Support Vector Machine

Published in

Analytics Vidhya

6 min readMay 1, 2020

Support Vector Machine (SVM) is a supervised classifier and is defined by a separating hyperplane. In other words, given a set of labeled data, SVM generates an optimal hyperplane in the feature space which demarcates different classes.

Confusing, isn’t it? Let’s understand it in layman's terms.

Suppose, you have a given set of points of two types (say □ and ○) on a paper which are linearly separable. The job of SVM is to find a straight line that asserts the set into two homogeneous types, and which is also situated as far as possible from all those points.

Evidently, both straight-line ‘A’ and ‘B’ separate the two types of points as desired. However, ‘A’ is precisely situated as far as possible from all those points. SVM, as a tool, will elect ‘A’ as the separating hyperplane. In the image, the light blue periphery around lines ‘A’ and ‘B’ is called ‘Margin’. It is defined as the distance from the hyperplane to the nearest point, multiplied by 2. In simpler terms, the hyperplane will stay in the middle of the margin. The higher margin will give the optimal hyperplane.

Working of SVM

Till now, we are familiar with the process of segregating two classes with a hyperplane.

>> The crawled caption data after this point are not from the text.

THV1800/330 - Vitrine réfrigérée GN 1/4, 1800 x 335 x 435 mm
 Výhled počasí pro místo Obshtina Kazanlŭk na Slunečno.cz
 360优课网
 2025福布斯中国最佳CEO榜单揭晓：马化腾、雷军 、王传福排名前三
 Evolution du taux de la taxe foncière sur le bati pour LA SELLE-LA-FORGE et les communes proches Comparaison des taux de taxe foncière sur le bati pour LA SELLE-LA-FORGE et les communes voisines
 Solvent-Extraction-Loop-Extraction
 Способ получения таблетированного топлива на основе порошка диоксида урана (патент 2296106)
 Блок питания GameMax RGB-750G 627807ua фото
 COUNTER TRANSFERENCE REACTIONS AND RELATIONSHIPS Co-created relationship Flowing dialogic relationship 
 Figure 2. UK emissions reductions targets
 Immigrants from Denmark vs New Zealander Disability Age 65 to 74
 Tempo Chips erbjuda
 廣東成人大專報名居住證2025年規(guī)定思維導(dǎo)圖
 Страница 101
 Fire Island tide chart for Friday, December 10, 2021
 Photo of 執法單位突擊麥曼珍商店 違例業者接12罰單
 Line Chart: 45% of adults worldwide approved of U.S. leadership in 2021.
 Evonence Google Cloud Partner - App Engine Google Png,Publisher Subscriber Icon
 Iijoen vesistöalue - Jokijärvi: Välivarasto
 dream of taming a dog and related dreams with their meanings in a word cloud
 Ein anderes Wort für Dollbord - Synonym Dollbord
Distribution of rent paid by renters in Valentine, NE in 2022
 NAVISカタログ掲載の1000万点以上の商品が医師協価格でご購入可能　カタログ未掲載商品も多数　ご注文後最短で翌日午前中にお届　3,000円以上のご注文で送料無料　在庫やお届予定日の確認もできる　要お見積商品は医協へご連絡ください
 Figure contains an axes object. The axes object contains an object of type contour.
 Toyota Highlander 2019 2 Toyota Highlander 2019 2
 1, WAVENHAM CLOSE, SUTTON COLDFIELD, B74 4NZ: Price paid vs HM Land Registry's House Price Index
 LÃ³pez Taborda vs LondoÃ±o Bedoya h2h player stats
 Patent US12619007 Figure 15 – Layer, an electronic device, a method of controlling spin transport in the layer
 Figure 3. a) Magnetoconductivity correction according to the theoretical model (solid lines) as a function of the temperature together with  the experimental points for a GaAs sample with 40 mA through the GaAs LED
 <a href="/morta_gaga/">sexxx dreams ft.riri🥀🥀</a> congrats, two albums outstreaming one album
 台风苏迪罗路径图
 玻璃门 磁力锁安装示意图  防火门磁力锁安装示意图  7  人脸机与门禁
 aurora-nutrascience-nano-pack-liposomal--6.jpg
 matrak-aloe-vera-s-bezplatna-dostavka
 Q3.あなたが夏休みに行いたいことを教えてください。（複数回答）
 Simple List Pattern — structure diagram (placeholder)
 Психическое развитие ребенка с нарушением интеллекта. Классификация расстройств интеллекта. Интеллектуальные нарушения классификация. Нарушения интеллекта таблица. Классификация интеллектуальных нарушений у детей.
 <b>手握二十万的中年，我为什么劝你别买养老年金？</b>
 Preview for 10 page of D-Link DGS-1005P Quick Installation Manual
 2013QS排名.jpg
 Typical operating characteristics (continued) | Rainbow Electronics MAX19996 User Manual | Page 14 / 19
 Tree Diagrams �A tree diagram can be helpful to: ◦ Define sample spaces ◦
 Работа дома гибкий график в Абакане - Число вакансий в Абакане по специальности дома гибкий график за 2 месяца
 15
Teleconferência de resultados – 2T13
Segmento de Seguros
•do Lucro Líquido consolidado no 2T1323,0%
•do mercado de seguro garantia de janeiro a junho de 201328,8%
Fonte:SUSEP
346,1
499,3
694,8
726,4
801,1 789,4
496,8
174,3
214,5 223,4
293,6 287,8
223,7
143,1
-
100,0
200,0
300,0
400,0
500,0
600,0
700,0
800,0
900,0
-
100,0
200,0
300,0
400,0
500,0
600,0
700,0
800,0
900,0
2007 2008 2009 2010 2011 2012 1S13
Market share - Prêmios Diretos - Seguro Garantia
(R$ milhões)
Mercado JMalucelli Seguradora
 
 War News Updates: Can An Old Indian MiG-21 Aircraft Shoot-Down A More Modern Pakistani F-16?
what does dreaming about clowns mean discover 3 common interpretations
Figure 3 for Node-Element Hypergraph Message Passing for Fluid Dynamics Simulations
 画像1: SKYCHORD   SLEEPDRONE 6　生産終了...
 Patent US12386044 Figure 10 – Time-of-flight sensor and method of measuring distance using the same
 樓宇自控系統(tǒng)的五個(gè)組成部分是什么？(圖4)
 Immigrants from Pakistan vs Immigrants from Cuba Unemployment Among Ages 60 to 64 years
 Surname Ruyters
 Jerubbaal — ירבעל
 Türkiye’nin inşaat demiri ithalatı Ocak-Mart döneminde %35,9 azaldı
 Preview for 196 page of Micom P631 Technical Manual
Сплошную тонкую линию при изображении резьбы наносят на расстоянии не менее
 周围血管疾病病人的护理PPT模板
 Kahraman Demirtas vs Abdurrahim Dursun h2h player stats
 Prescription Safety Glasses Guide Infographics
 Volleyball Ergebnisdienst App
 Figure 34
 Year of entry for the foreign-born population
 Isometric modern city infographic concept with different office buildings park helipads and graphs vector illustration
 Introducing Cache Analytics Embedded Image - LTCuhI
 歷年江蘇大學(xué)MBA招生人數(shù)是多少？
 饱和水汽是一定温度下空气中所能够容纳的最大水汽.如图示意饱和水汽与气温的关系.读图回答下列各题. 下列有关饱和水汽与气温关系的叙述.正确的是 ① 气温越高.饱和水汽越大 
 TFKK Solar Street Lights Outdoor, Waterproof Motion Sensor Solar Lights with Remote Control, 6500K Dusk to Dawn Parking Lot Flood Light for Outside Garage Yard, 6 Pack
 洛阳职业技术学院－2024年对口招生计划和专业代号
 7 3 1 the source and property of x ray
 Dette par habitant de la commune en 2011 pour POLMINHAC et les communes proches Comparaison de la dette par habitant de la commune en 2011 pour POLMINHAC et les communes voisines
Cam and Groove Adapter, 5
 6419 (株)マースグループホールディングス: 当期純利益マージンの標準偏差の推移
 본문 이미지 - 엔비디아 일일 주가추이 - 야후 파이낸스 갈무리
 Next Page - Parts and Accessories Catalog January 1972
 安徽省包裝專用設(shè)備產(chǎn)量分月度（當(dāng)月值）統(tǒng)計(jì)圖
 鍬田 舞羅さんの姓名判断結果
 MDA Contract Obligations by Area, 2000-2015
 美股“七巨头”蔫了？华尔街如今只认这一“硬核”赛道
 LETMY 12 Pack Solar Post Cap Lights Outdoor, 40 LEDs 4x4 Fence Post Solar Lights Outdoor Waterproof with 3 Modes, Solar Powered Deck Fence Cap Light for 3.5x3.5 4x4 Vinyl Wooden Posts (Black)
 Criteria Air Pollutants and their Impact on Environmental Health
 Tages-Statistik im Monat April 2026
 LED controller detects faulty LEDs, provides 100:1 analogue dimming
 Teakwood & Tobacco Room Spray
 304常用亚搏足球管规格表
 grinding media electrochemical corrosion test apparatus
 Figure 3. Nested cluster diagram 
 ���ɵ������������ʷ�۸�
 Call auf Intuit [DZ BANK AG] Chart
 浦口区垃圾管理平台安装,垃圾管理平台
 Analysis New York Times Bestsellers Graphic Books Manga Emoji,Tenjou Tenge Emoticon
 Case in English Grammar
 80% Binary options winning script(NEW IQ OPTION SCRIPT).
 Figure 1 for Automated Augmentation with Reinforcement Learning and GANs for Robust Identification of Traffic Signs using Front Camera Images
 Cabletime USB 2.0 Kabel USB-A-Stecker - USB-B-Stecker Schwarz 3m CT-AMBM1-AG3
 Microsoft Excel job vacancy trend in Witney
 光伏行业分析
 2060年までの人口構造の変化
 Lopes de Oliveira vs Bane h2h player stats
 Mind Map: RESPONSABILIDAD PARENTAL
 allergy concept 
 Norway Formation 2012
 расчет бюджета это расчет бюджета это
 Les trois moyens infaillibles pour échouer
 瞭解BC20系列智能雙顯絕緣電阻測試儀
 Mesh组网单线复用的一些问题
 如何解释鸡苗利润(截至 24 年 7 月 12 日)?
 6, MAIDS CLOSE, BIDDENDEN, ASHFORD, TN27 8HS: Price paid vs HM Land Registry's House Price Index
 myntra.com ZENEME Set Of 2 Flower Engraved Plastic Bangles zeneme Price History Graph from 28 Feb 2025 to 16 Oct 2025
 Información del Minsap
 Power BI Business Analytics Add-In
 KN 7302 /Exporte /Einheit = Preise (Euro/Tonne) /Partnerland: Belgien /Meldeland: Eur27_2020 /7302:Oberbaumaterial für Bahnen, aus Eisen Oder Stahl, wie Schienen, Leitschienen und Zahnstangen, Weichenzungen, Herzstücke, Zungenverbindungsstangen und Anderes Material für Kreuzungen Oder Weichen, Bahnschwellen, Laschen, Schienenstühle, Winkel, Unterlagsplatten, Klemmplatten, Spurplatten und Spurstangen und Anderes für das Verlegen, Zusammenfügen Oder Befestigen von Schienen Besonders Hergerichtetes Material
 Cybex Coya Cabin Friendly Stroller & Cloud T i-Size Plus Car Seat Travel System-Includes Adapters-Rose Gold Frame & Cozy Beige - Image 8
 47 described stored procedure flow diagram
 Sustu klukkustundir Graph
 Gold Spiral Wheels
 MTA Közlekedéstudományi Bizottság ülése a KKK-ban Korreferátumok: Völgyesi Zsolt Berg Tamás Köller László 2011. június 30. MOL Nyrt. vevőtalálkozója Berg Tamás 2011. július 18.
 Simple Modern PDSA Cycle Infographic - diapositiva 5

But a rather important question arises is how does it work, and separate the two given classes. Don’t worry, it’s not as complicated as it appears to be.

To understand this, we need to delve into the working of Support Vector Machine or SVM. In the process, we will look at different scenarios of how a hyperplane can be constructed. Just remember a thumb rule to identify the appropriate hyperplane:

Select the hyperplane which segregates the two classes better.

In the example, we need to draw a hyperplane such that it distinguishes the two classes. We start with randomly plotting of three hyperplanes along with the data set, as shown in the graph hereunder.

Now, we attempt to adjust the orientation of the hyperplanes in such a way that it homogeneously divides the given classes. Here, all three hyperplanes (‘A’, ‘B’ and ‘C’) segregate the classes well, but a rather pertinent question is “How can we identify the appropriate hyperplane?”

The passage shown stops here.